Во второй половине дня я зашёл к Софии на чашку кофе. Ауста уже сидела у неё. Они, как обычно, обрадовались моему приходу, и София сразу же принялась накрывать на стол. И вдруг она между делом говорит мне: «Ну спасибо, Гисли, удружил ты нам вчера вечером!» — «Как это?» — удивился я. «Оставил нас с Аустой мокнуть у „Идно“ под дождём. Ты вдруг исчез, а мы стояли на улице в такую погоду, ждали тебя, думали, что ты ищешь для нас машину, как обещал, а ты не вернулся, и пришлось нам топать домой пешком. Мы промокли до костей!» — говорит София, а Ауста поддакивает. «Да что с вами такое?! — говорю я. — Вы обе не в себе, что ли? Разве не помните: нас всех отвезли домой в машине, такой светло-коричневой, с *** стоянки?» И я назвал эту стоянку. «По-моему, Гисли, это ты не в себе, — говорит Ауста. — Посмотри на нашу одежду: она до сих пор не высохла!» Я описал им и машину, и шофёра во всех подробностях и добавил: «А ты, София, — ты его хорошо знала, всё время называла его „Стейни“. Ты сидела рядом с ним на переднем сиденье, а мы с Аустой сзади. Вы ещё были так рады, что встретились, наверное, вы давно знали друг друга, перешёптывались, как влюблённые. Конечно, так, чтобы мы с Аустой ничего не слышали из вашего разговора. Ты разве не заметила: он был в белой или очень светлой рубашке с большими запонками, такими круглыми, с филигранью?» София разливала по чашкам кофе, мы сидели за столом, но пить ещё не начали. Едва я упомянул запонки, как она облокотилась на стол и разрыдалась. В комнате сразу воцарилось молчание. Мы с Аустой тихо сидели и удивлялись и не могли взять в толк, отчего София так переменилась. Потом она поднялась и с плачем ушла на кухню.
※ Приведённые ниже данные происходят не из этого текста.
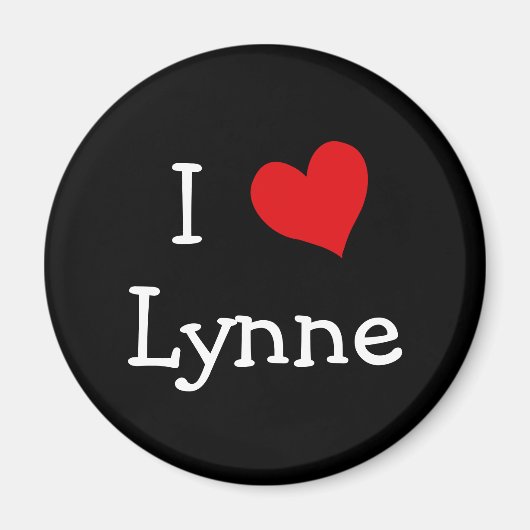 I Love Lyne マグネット (正面)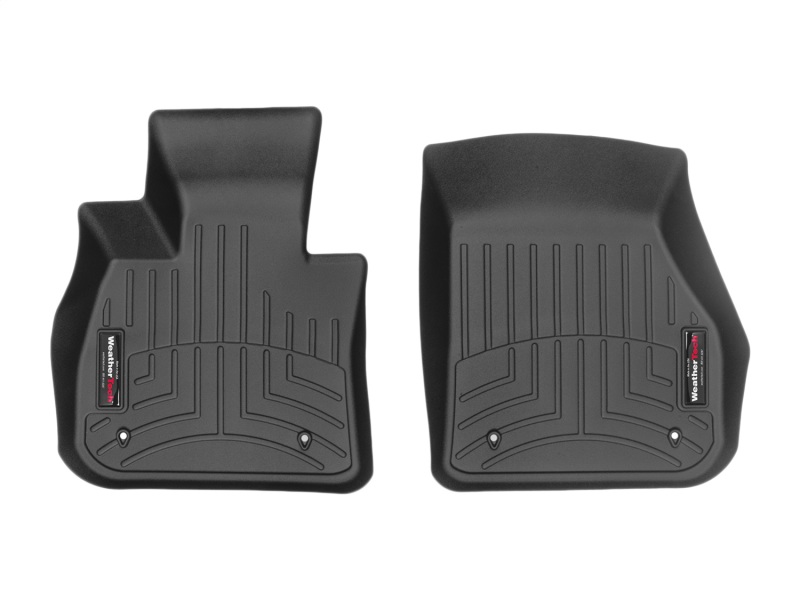 BMW X1 FloorLiner - Front - WeatherTech - DigitalFit - Black - `16-`27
«Что это с Софией?» — спросил я у Аусты, когда она вышла. «Не спрашивай, не знаю, — отвечает Ауста. — На Софию это не похоже. Но, Гисли, я и сама ничего не разберу. Уверяю тебя, ни на какой машине мы вчера не ехали; мы обе пошли домой пешком под дождем и промокли. Ты уж, пожалуйста, выясни, что там за ерунда такая с этой машиной. А пока мы об этом больше говорить не будем — ради Софии». Потом Ауста вышла к Софии, и через некоторое время они вернулись. София была заплакана и очень бледна, и обе почти всё время молчали. Мы попили кофе, но разговор у нас не клеился, и настроение было нерадостным. Я быстро распростился с ними и пошёл домой.